A emissora chavista fez imagens exclusivas das entregas das seqüestradas e Clara Rojas e Consuelo González, em janeiro, e de quatro ex-parlamentares colombianos, em fevereiro.
Além disso, o relato da operação feito em formato "power point" pelo Exército colombiano deixa claro que as missões humanitárias de Chávez complementaram o minucioso trabalho de inteligência da operação.
Ajudaram a fechar o cerco em torno da área informações de mulheres das Farc, presas em dezembrono final do ano passado quando levavam provas de vida dos seqüestrados a emissários de Chávez.

Emissários
Para analistas ouvidos pela Folha, o governo também pode ter usado como "isca" o anúncio feito na terça-feira, véspera do resgate, de que autorizara o contato de um mediador francês e um suíço com o secretariado das Farc.
A notícia, publicada na imprensa colombiana e francesa, foi vista com otimismo, já que as negociações para troca de reféns estavam paradas desde a morte de Raúl Reyes, número dois das Farc, em março.

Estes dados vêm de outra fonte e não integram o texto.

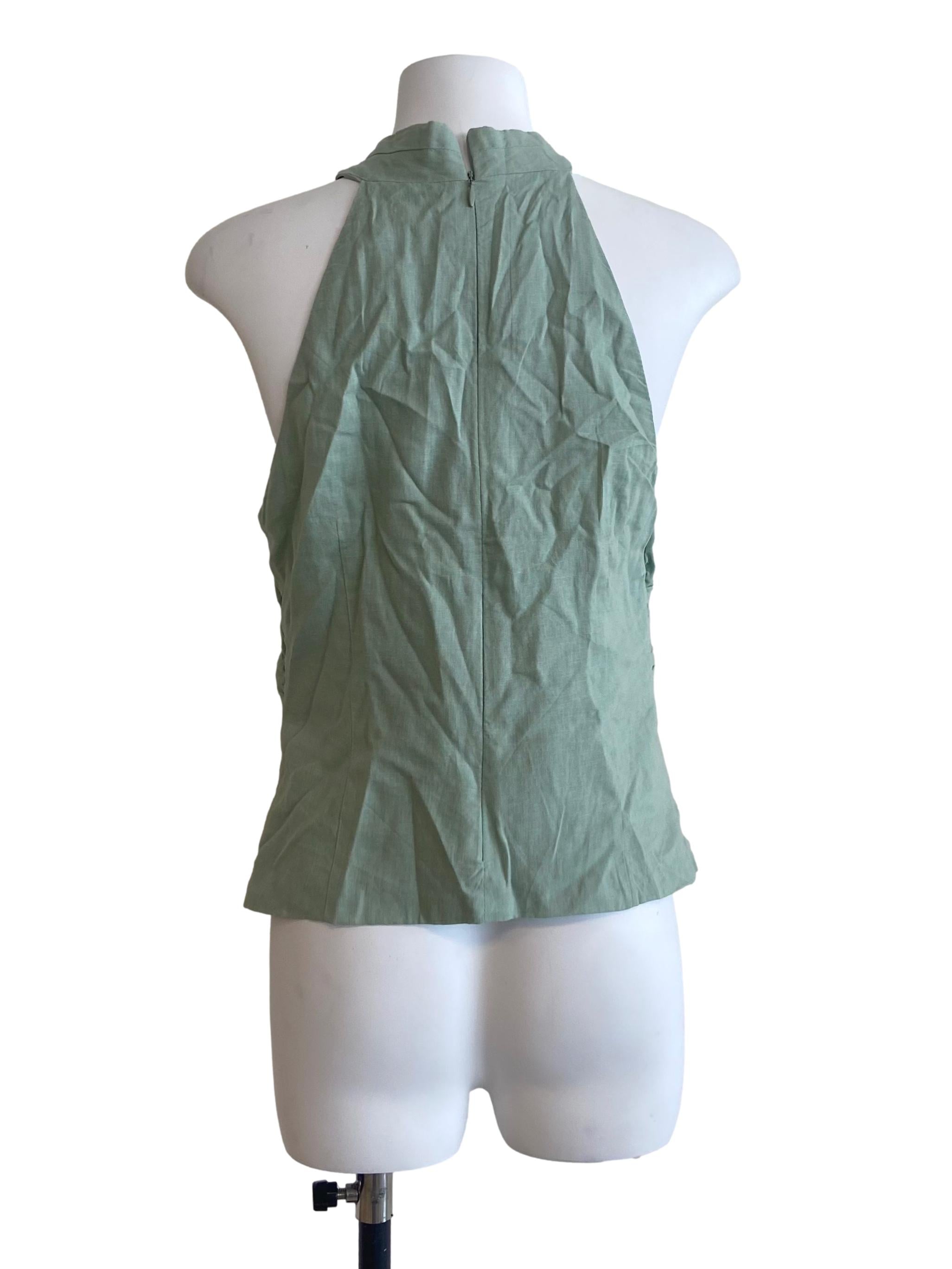 Mint Green Halter Neck Sleeveless Blouse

A agência de notícias Anncol, que faz as vezes de porta-voz das Farc, questionou o papel dos "países amigos" na Operação Xeque: "Antes dos fatos, os meios repetiram com insistência a visita de dois funcionários europeus ao chefe máximo das Farc. Esses amigos da Colômbia não precisaram se era verdade ou blefe".
O analista colombiano Camilo González, da ONG Indepaz, especula: as menções aos mediadores pelo menos ajudaram a criar um clima verossímil de que o secretariado poderia ordenar o deslocamento dos reféns, juntos. "Estou certo de que as notícias em primeira página que saíram sobre os mediadores fizeram parte da operação de inteligência. Mas falar disso traz complicações diplomáticas. Vai haver mais silêncio do que informações", diz ele, que crê que nem França nem Suíça sabiam do plano.

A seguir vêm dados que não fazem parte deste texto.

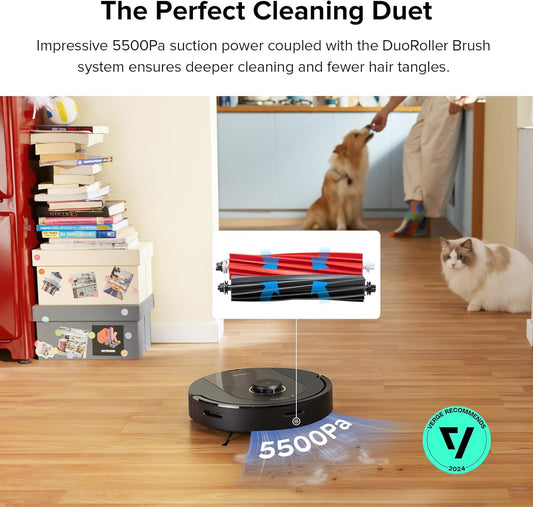 Roborock Q5 Pro Robot Vacuum and Mop Combo, 5500Pa Suction, Duoroller Brush, Lidar Navigation, Robotic Vacuum Cleaner with 240 Min Runtime, Smart No-Go Zone, Perfect for Pet Hair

Com ele concorda Ariel Ávila, da Fundação Novo Arco-Íris, que também segue o tema na Colômbia. Apesar da notória debilidade de comunicação entre comandantes das Farc, "a versão oficial lhes mostra demasiado ingênuos", diz Ávila.

Comunicação
A versão do governo é que Gerardo Aguilar, o "César", foi enganado por falsas mensagens que pensava ser do secretariado da guerrilha. De acordo com um general colombiano ouvido pela Associated Press, um agente duplo, que mudou de lado porque as Farc lhe haviam tomado uma casa e uma fazenda, convenceu César.
O agente duplo estaria no helicóptero do resgate ao lado de César e seu auxiliar Gafas, que estão presos. As unidades das Farc estão separadas na selva -por conta da grande ofensiva militar- e há um intenso monitoramento de telefonemas por satélite e câmeras de vigilância instaladas em rios, principal meio de transporte (sistemas fornecidos pelos EUA). A situação fez o grupo guerrilheiro priorizar a comunicação por mensageiros humanos.

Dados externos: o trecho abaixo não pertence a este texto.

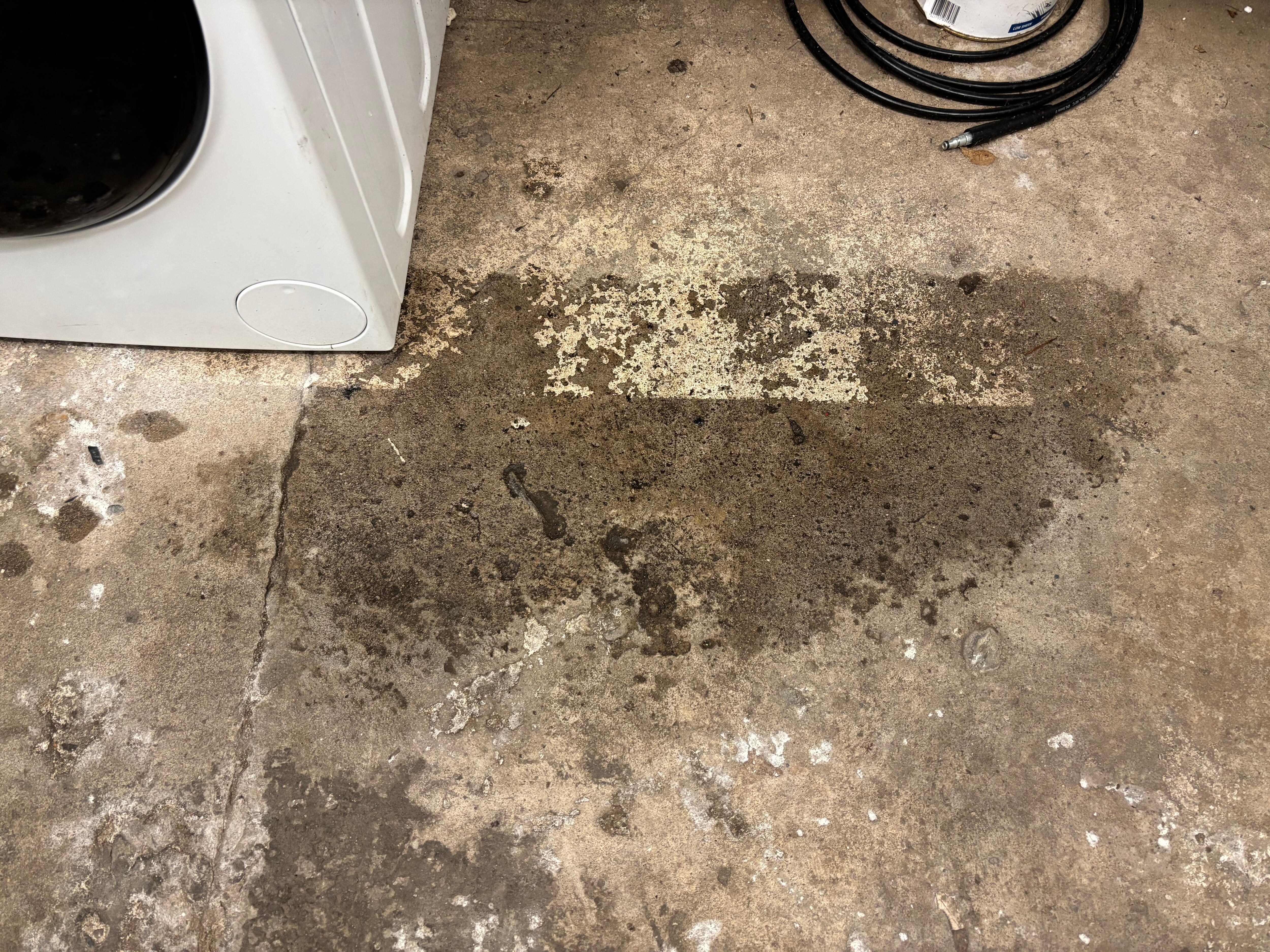 Water on ground around appliances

Anteontem, na TV, o presidente colombiano, Álvaro Uribe, insistia para que todos dissessem que o helicóptero usado na ação não tinha logotipo de nenhuma organização. O governo diz que eles pensavam que os aparelhos, pintados de branco e vermelho, era de um grupo "humanitário fictício".
"Para mim, eles usaram o nome da Cruz Vermelha", diz Camilo González.

Pagamentos
Para o analista Cesar Restrepo, da Fundação Segurança e Democracia, a operação do governo colombiano funcionou pela combinação de duas estratégias: a infiltração de seus agentes e a "compra" de informantes. "Isso se deu porque ganhar dinheiro fácil se tornou mais importante do que a vontade guerrilheira. O governo foi inteligente em se aproveitar dessa situação", diz Restrepo.
Para Pedro Medellín, professor da Universidade Nacional da Colômbia, a política de recompensas aliada ao um "momento de cansaço" das Farc permitiram o sucesso. "Pela morte de Ivan Ríos, o governo pagou US$ 2 milhões para o assassino. Por esse resgate, também deve ter pagado uma quantia, junto com a promessa de não extraditar traidores."